A change in Social Security claims is going into effect at the end of the month. Nearly 70 million people receive Social Security payments year after year, and some are eligible to receive Supplemental Security Income (SSI) if they are disabled or elderly Americans who meet certain eligibility requirements.
One of the eligibility requirements, to qualify for SSI payments, says that citizens who wish to apply cannot earn more than $1,971 in income per month to be entitled to the payments. However, that rule is having a slight change.
New Social Security Eligibility Rules Starting September 30
Starting next September 30, food benefits will no longer be taken into account in the income that is considered necessary to have access to SSI benefits. This means that programs such as the Supplemental Nutrition Assistance Program (SNAP) will no longer prevent a person from receiving Social Security payments.

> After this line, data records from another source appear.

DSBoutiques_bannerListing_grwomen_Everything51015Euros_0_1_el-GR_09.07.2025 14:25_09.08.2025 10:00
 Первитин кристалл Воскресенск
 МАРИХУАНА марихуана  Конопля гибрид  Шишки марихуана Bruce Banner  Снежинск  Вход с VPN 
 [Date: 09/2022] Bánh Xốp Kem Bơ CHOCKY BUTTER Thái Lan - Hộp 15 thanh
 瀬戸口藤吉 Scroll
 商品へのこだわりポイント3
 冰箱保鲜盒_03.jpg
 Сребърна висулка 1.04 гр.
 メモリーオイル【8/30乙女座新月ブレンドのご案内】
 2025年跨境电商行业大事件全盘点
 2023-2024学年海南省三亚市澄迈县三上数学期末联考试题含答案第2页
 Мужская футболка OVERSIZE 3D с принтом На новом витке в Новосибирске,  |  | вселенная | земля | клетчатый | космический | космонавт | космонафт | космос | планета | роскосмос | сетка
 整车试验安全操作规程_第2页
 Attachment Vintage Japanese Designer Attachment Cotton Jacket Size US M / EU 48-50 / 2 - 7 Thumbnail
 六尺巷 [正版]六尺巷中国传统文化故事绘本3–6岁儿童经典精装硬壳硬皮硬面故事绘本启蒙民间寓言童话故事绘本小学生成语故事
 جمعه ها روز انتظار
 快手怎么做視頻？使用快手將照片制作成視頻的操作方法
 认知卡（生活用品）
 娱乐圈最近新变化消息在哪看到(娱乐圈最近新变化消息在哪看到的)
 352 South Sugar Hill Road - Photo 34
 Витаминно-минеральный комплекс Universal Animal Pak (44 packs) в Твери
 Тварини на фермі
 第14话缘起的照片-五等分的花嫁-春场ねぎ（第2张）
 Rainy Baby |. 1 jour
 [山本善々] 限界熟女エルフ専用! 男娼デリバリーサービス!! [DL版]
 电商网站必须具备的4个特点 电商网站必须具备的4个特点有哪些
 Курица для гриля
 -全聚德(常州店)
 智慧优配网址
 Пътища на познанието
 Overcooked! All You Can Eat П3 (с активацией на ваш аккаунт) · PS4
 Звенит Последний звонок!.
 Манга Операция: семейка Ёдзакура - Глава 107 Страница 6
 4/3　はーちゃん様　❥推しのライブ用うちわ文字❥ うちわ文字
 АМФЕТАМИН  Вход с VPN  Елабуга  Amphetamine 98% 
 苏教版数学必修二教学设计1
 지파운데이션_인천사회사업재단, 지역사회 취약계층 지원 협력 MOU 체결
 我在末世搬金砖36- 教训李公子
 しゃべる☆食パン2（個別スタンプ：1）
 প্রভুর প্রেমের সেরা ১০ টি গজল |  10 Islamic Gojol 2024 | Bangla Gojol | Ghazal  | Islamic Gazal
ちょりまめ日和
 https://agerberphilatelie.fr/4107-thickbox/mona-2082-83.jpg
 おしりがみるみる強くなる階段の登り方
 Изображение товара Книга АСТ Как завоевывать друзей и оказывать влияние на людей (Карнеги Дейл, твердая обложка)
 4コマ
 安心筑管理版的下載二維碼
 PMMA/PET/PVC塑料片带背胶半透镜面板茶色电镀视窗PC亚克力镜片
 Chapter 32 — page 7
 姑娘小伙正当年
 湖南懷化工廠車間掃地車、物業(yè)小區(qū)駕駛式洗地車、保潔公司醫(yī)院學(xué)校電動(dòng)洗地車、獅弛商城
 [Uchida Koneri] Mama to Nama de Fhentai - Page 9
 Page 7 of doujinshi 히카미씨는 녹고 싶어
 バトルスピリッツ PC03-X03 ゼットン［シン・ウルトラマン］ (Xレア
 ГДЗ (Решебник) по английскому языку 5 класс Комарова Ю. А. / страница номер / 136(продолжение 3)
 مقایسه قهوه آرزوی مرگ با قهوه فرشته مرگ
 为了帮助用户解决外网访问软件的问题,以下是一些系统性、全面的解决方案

“The decision not to count food benefits toward eligibility will not only expand the number of those who can receive SSI, but also potentially add support to those who already receive it,” said Alex Beene, a financial education instructor at the University of Tennessee at Martin. “For years, food has been considered unearned income, which reduces the amount of help SSI recipients receive. Removing this condition as an eligibility requirement will help provide additional funds to some people who have had their benefits reduced in the past due to this situation.”
Current Regulations and the Impact of the New Rule
Under current regulations, food, and housing subsidies could be considered unearned income, which would reduce the amount that can be received in subsidies. When the new rule takes effect at the end of September, it could give Americans one more chance to receive subsidies every month or increase the amount to which recipients are currently entitled.
The average SSI payment is $943 a month, but that figure could increase after the change in new rules about food benefits is made. With Americans still facing a 2.9 percent inflation rate as of July, the increase in benefits could have a major impact on SSI recipients.
Social Security COLA Adjustments and Future Predictions
Social Security benefits increased 3.2 percent this year, according to the cost of living adjustment, also known as COLA increment. However, experts cautioned that older people and people with disabilities should not expect such a high COLA next year.
The American Association of Retired Persons (AARP) predicted that next year’s COLA will be between 2.75 percent and 3.25 percent to account for inflation. However, long before the lower COLA was forecast, analysts had raised concerns that the current COLA estimate does not accurately report rising costs for seniors.
“The decision of whether the annual COLA is appropriate for a specific retiree to ensure purchasing power equal to the previous year is very specific to each retiree’s living situation, both in terms of expenses and other sources of income,” Jonathan Price, national retirement practice leader at employee benefits consulting firm Segal, previously said.